= TASK INSTRUCTIONS =
Starting at the first line of the data below, repeat each line word for word up to and including the line with "new 2025 Audi A3 car, priced at $46,335".

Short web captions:
= = =

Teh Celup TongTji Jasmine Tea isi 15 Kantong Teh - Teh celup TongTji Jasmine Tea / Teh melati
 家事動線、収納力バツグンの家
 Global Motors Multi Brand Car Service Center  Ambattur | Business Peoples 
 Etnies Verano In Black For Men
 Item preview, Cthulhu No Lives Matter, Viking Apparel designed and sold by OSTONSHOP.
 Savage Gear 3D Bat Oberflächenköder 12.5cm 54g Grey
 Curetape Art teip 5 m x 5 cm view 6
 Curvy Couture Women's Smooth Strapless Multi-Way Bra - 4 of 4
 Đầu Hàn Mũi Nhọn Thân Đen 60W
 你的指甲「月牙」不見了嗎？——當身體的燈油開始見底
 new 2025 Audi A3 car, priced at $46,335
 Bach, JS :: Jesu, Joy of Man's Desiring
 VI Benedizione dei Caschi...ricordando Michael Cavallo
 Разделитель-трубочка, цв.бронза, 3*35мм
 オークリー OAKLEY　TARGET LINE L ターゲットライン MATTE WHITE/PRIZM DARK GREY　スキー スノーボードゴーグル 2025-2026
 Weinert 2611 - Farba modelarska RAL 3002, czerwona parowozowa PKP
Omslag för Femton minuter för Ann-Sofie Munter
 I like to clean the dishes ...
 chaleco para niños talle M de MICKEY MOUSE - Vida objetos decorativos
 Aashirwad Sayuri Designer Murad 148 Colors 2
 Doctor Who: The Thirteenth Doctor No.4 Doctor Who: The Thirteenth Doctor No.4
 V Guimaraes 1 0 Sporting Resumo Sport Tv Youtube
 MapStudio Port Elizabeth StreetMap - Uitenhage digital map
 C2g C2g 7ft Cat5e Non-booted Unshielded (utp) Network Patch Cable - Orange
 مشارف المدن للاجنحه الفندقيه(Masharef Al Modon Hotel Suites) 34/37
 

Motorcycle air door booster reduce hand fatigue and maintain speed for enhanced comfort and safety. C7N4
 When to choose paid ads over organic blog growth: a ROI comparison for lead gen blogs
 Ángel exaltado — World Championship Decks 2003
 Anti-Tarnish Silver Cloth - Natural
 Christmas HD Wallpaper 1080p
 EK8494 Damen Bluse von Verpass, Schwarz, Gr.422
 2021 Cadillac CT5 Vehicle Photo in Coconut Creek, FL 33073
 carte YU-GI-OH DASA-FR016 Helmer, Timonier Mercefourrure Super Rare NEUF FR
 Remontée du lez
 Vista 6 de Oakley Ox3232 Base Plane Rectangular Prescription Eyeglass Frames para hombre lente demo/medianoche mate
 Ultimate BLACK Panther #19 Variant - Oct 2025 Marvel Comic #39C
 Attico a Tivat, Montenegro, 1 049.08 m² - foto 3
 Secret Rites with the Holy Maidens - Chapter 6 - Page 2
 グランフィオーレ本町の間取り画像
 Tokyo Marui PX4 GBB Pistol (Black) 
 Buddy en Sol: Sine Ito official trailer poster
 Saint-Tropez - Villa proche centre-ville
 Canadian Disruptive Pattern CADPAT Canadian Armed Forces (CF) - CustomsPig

= = =

= PROBLEM SOLUTION =
Teh Celup TongTji Jasmine Tea isi 15 Kantong Teh - Teh celup TongTji Jasmine Tea / Teh melati
 家事動線、収納力バツグンの家
 Global Motors Multi Brand Car Service Center  Ambattur | Business Peoples 
 Etnies Verano In Black For Men
 Item preview, Cthulhu No Lives Matter, Viking Apparel designed and sold by OSTONSHOP.
 Savage Gear 3D Bat Oberflächenköder 12.5cm 54g Grey
 Curetape Art teip 5 m x 5 cm view 6
 Curvy Couture Women's Smooth Strapless Multi-Way Bra - 4 of 4
 Đầu Hàn Mũi Nhọn Thân Đen 60W
 你的指甲「月牙」不見了嗎？——當身體的燈油開始見底
 new 2025 Audi A3 car, priced at $46,335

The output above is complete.